In 1933 Rabbi Eugene Blachschleger assumed the position of rabbi; and during his tenure the congregation was vocal in its opposition of the Montgomery bus boycott, a political and social protest against racial segregation on public transportation.

=== Move to Cloverdale ===
By the 1960s, the congregation had outgrown their temple once more. They decided to build a new Beth Or in the Cloverdale neighborhood. The current synagogue was dedicated in 1961.

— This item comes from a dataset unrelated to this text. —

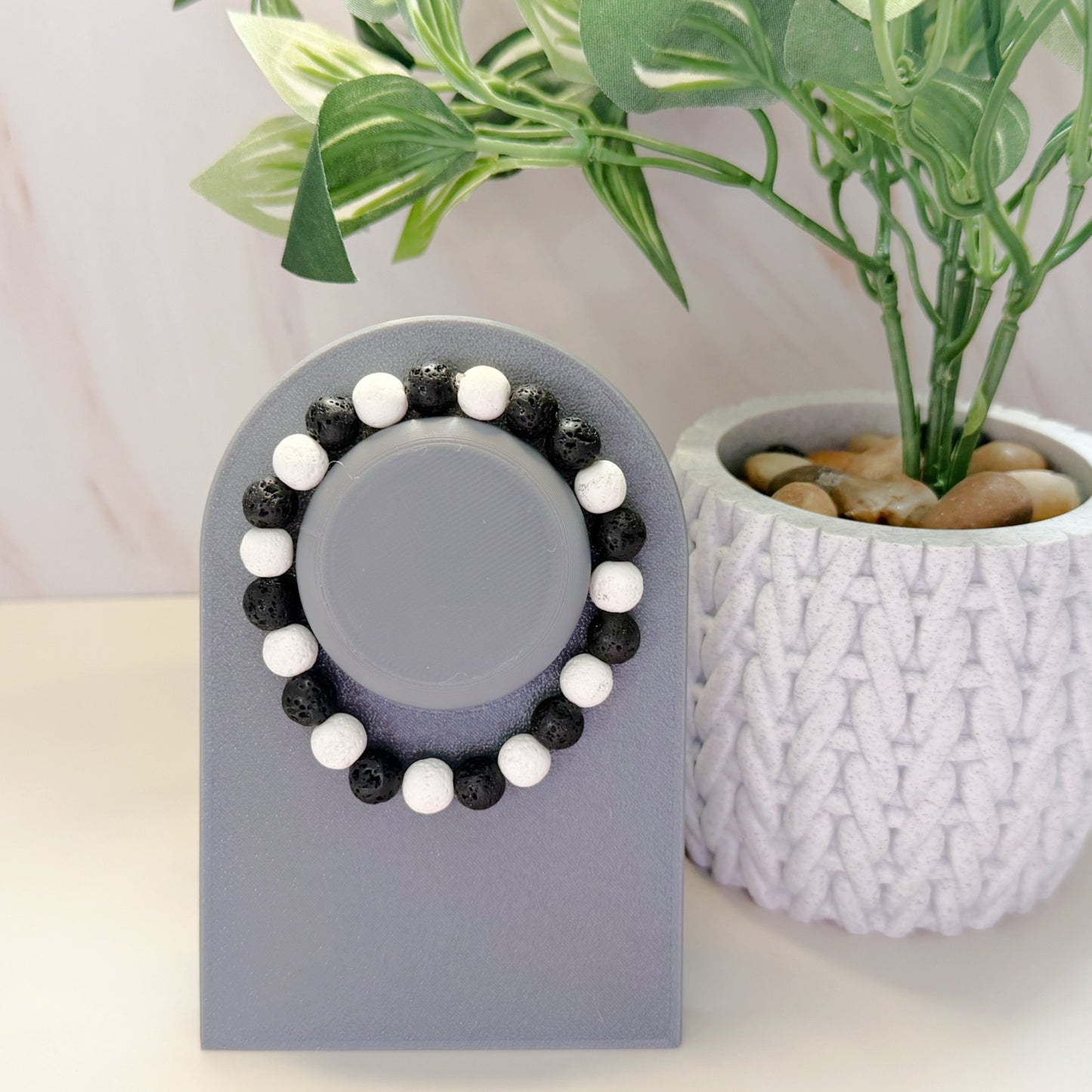 Genuine Black & White Lava Stone Bracelet – 8mm Natural Beads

In 1965 Rabbi David A. Baylinson was elected by the congregation after the untimely death of Rabbi Blachschleger. During Rabbi Baylinson's nearly thirty years with the congregation, Bar and Bat mitzvot ceremonies were re-instituted and the prayer books Gates of Prayer and Gates of Repentance were introduced. In 1988, the entrance to the sanctuary, the religion school wing, grounds, and social hall were all renovated. Rabbi Baylinson retired in 1994 as Rabbi Emeritus. Rabbi Elliot L. Stevens, held the post from July 2007, until his death in 2017. Rabbi Scott Looper has served as rabbi since July, 2018.